I had my second exam scheduled today and next week is Spring Break. From the inbox:
All classes are canceled Friday, March 7. Campus is closed until noon for employees.
This makes an entire week that the university has canceled my MWF 10-10:50 Stats II class. Each time the cancellation was a good decision. With most students living off campus and public transportation not running, it is just too risky to have thousands of people on slick roads.
That said, a week of class is a long time. A significant chunk of material that I (optimistically) hoped to cover will not be covered this semester (nonparametric statistics, time-series analysis). Several years ago the TR morning classes missed two weeks of class. A few falls ago the university basically canceled finals week due to snow.

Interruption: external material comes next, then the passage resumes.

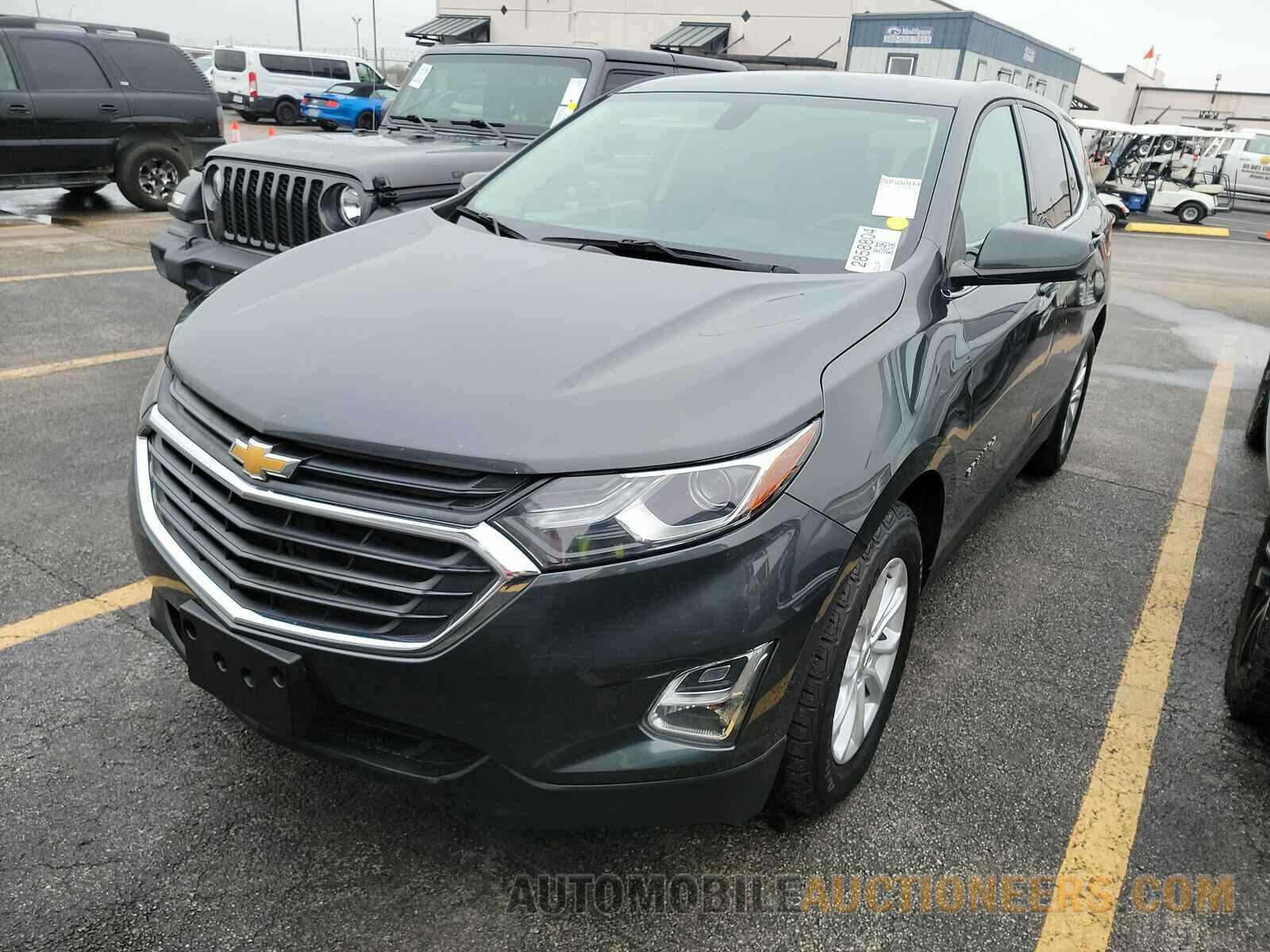 2GNAXKEV4K6269801 Chevrolet Equinox LT 2019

There are significant educational costs that have been ignored as part of our adverse weather policy and there is too much snowy weather in Boone to ignore these costs. The only things I can think of is to have (a) some extra class days built in to the academic calendar or (b) have all classes with web content to mitigate the cancellations. When will this happen? Maybe never. In terms of (a) the academic calendar is already too jam packed with two sessions of summer school and a two week break for 12 month contract upper administrator vacations. Our "reading day" before final exams has routinely been moved to a Saturday. In terms of (b) the majority of faculty still don't have the technical skills to get a lecture or quiz online. And given the low morale in the UNC system, faculty are in no mood to have the legislature, UNC general administration or Appstate upper administration pile on any sort of extra work.
The university makes sure to tell faculty that if we are out of town for a conference then we need to have some sort of educational opportunity as a substitute (guest lecture, online quiz). There is no such thing when the administration decides to cancel class. How seriously should I, as a part-time administrator (i.e., department chair), take the upper administration's mandate that I monitor all classes and make sure that faculty don't simply cancel class when they are out of town on university approved travel?
Which brings me back to the awkward logistics of my class. When do I have the exam? Most of the students had already studied by the time class was canceled. The Monday after spring break doesn't sound appealing (half the class will still be on their way back from their Colorado/Utah ski vacation). The Wednesday after makes it two weeks since the last lecture on the material on the exam. Complicating that is the CEO lecture that my students will attend on Friday during class time (I'll be at a conference and business students are strongly encouraged to attend the CEO lecture).
Update: The roads were fine by 11 am. The decision to cancel Friday afternoon classes was nothing more than a "hey, it is spring break and classes won't be doing anything anyway" decision. Sad that the administration has the same attitude as the college students.